According to the Council on Foreign Relations, the bloc’s inability to craft a comprehensive response to the refugee influx echoes the dynamics of the European debt crisis, in which national interests have taken precedence over collective concerns.

But in this current atmosphere, too little is made of the opportunity presented by the migrants and refugees heading to Europe by train, truck, and raft. Among the refugees attempting to get in are the remnants of Syria’s middle class: doctors, engineers, and teachers fleeing Assad’s barrel bombs in Aleppo, or the reign of terror ushered in by the Islamic State. They bring vitality and opportunity to an aging European continent that badly needs it.

According to the European Commission, the graying of Europe is among the EU’s most serious social and economic challenges. More than one-fifth of Europeans will be 65 or older by 2025, placing great strain on social services and health care.
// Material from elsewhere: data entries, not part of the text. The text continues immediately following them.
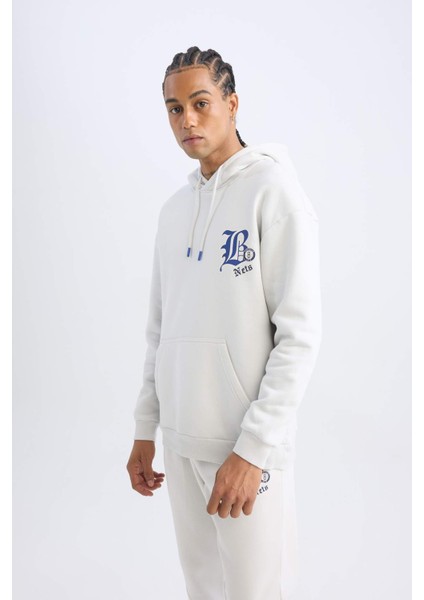 Fit NBA Brooklyn Nets Comfort Fit Rahat Kalıp Kapüşonlu Kalın Sırt Baskılı Sweatshirt D3222AX24WN
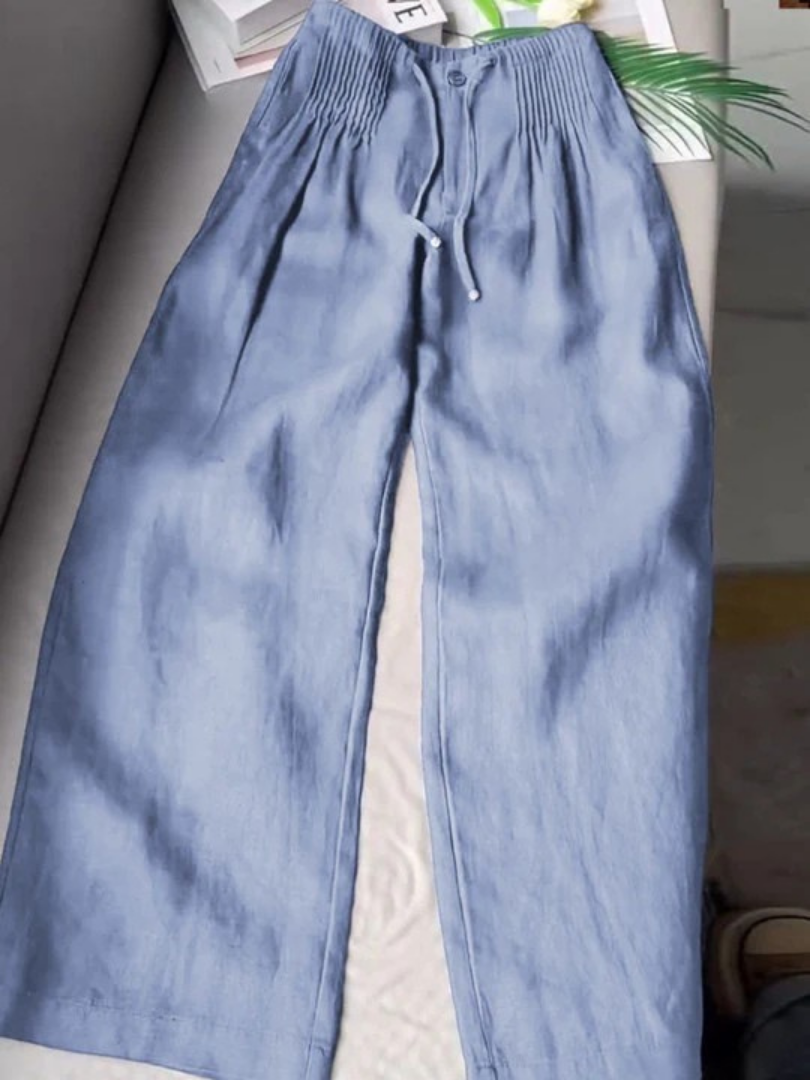 FIONA | WIDE-LEG COTTON BLEND TROUSERS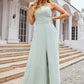 Sheath/Column One-Shoulder Sleeveless Long Chiffon Bridesmaid Dresseses With Pleated Waistband Split Kristen DEP0025373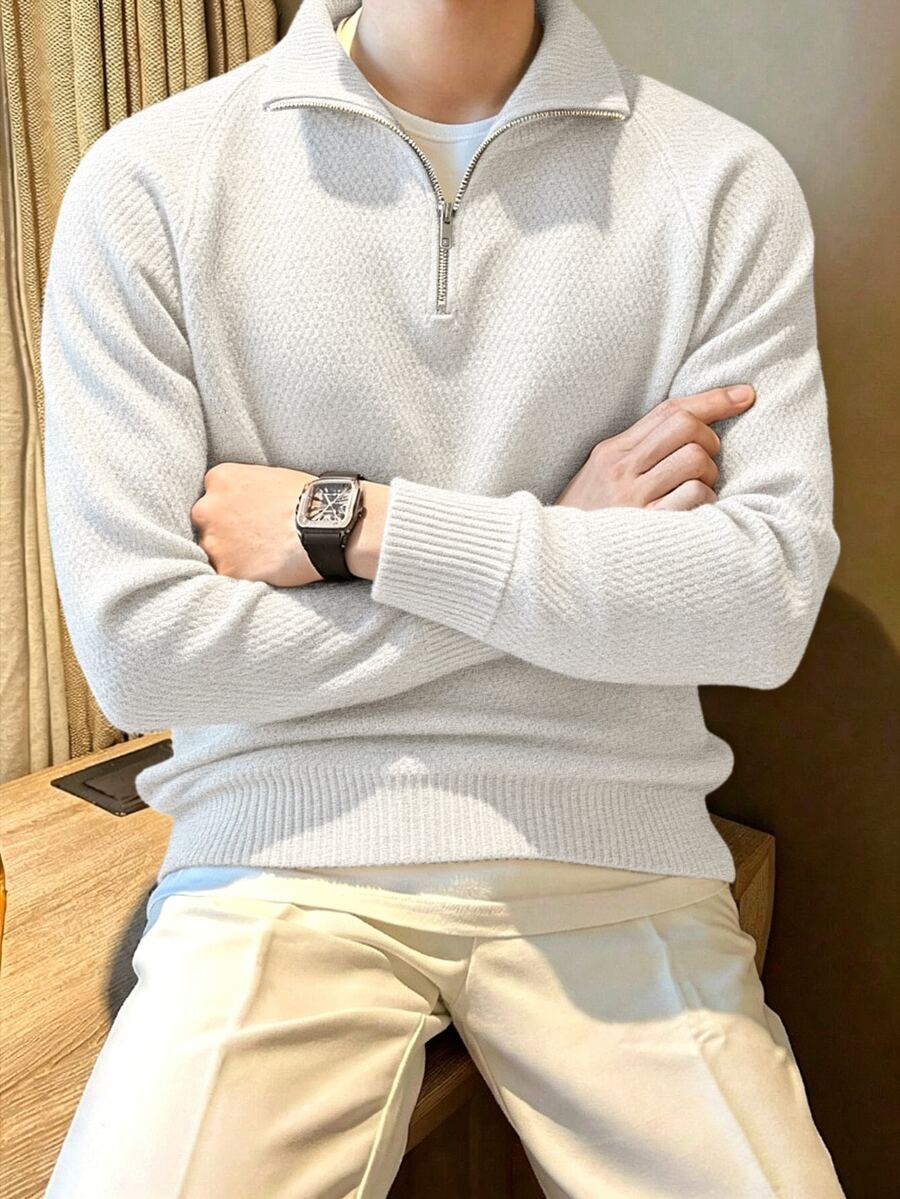 Manfinity Homme 男士極簡百搭羅紋長袖針織衫 日常穿著 老錢風情侶套裝 - 米色 - 查看 1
Integrating young migrants could provide a much-needed demographic boost. And unlike Jordan, Turkey, or Lebanon, Europe has far more resources to integrate them. As reported by CNBC, Pierre Moscovici, European commissioner for economic and financial affairs, has stated that the current migration and refugee crisis should not just be seen in terms of cost, but opportunity.

“It is also a resource—a human resource,” Moscovici said. “Our countries need migration … the economic impact should not just be looked at in a negative way as populists would have it.”

According to the Financial Times, Wolfgang Schäuble, Germany’s finance minister, takes a similarly warm view: The short-term costs are manageable, while the long-term benefits are potentially substantial. Migrants are, generally, a boon to labor markets. Moreover, they pay out more to the state than they take in services, according to separate pieces of research by the OECD and the Centre for European Economic Research.

In light of Europe’s anemic economic recovery, the current refugee crisis, while founded in misery, may be vital to the EU’s future. The data, at least, are supportive. But in facing down the tide of panic that grips many EU states, good data may not be enough.